Writeup by Jocelle Koh, Translations by Liao Hsueh-Min
Introducing our new format ‘Liner Notes‘, where we dig deep with artists and creatives about the meaning behind their song lyrics; dredging up the subcultures and backstories that exist straight from the source. Many of the artists featured are more than just creators; they are bridges that have the ability and willingness to share their culture across languages. So lend them a listening ear, and you just might gain more than just a new song recommendation.
Downwind Daylight 等阮返來‘s frontman Liao Hsueh-Min 廖學民 shares that the idea for their self-titled single was unintentional; but instead born from a free and easy jam sesh:
“I can still recall that we were just messing around and chanting 《等阮返來》in the rehearsal room during break time, and I was like, wait a minute, maybe we can actually do something with it. The chanting of 《等阮返來》became the repeating chorus, and then all the instruments kicked in on the right spot that all of us are vibing at the very moment.”
Afterwards when fleshing out the song on his own, Liao carved out a story about the complicated relationship between a Chinese male and living up to familial expectations.
“The song is about an outlander who carries lots of expectations from his folks, while he does not “make it” yet so that going-home seems to be a guilt. I think most of the Chinese males can relate to this song since, as a man with shoulders, we cannot easily show our vulnerable side to others.”
Whilst telling the story of a traditional situation, Liao’s take is unconventional as he shirks stereotypes of males needing to be tough, strong and unemotional; waxing vulnerable over waves of thrashing, unrelenting guitars and backed by the voices of band members in the chorus. Liao also shows how the topic of familial expectations and honour becomes specific to Chinese tradition when he sings: “等到輸的彼一天，共名刻佇木頭板（my name will be carved on the wooden board when my time has done, or when I lose）” Of this line, he explains:
“In Chinese culture, we have this wooden tablet (神主牌) in our house-shrine, which the names of the ancestors are recorded on the back side, and we worship the tablet to deliver our respects to the ancestors. So, leaving my name on the board not only means that I am accepted by my family, but it also means that I will be remembered by my offsprings…I would like to express that the sense of belonging is an universal need, and one can be accepted and embraced by the family whether winning or losing, and I think this is the core belief of the song.”

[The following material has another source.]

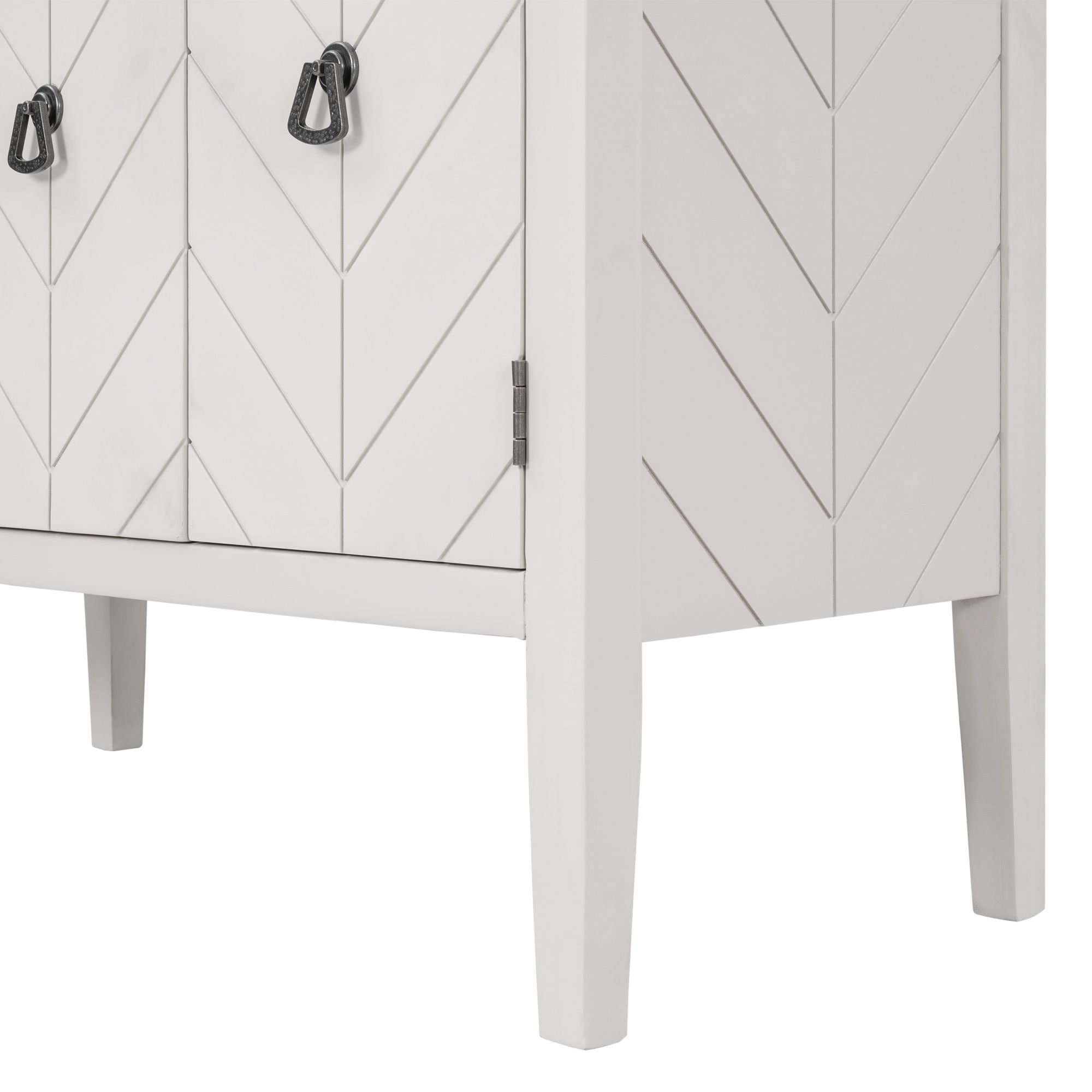 Yiekholo LL-1860AAK Pull-Out-Cabinet-Baskets - View #10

To be remembered and accepted are things that all of us ponder about; yet it is how these methods of remembrance and acceptance differ which shape our understandings of family, relationships and life. As mentioned in the lyrics, we like the members of Downwind Daylight are still lost children; but it is how we navigate our experiences and share them that prove to be endlessly interesting and meaningful.
Lyrics/Melody: Liao Hsueh-Min
我的爸爸媽媽，他們常常對我說，愛做好囝，My parents always remind me to behave myself.
薰著毋通呷，共人講話莫洪聲，毋通傷荏爛 To get rid of cigarettes, and to be humble to others instead of rowdy.
但是我這馬1才了解，期待會變怨嘆，無底透的心晟，只好藏佇暝床下 However, I only realize until now that such expectations are turning into condemnations, and I can only shove such feelings under my bed.
面對現實社會，掠準頭過身著過2，免想傷多I thought it would be easy for me to face with the real word, and I don’t have to worry about nothing.
了後才發現，有很多人攏佇跋杯3，驚惶在心底 But afterwards I realize that there are lots of people praying to the gods, as the fears are growing in their minds.
但是我這馬才知道，咱攏佇列共運命輸贏4，等到輸的彼一天，共名刻佇木頭板 Now I know that we are all striving against our own fates, and my name will be carved on the wooden board when my time has done.
等阮返來，等阮返來，我是迷路的小孩 Wait for me, wait for me, though I am still a lost child.
等阮返來，等阮返來，想厝不敢哭出聲 Wait for me, wait for me, though I dare not cry over my homesick.
1 這馬（tsit-má）：Right now
2 頭過身著過（thâu-kuè-sin-thio-kuè）：This slang describes that things will be easy if we strive hard in the beginning.
3 跋杯（pua̍h-pue）：A traditional way of divinations. Chinese people toss a pair of wooden blocks to communicate with gods.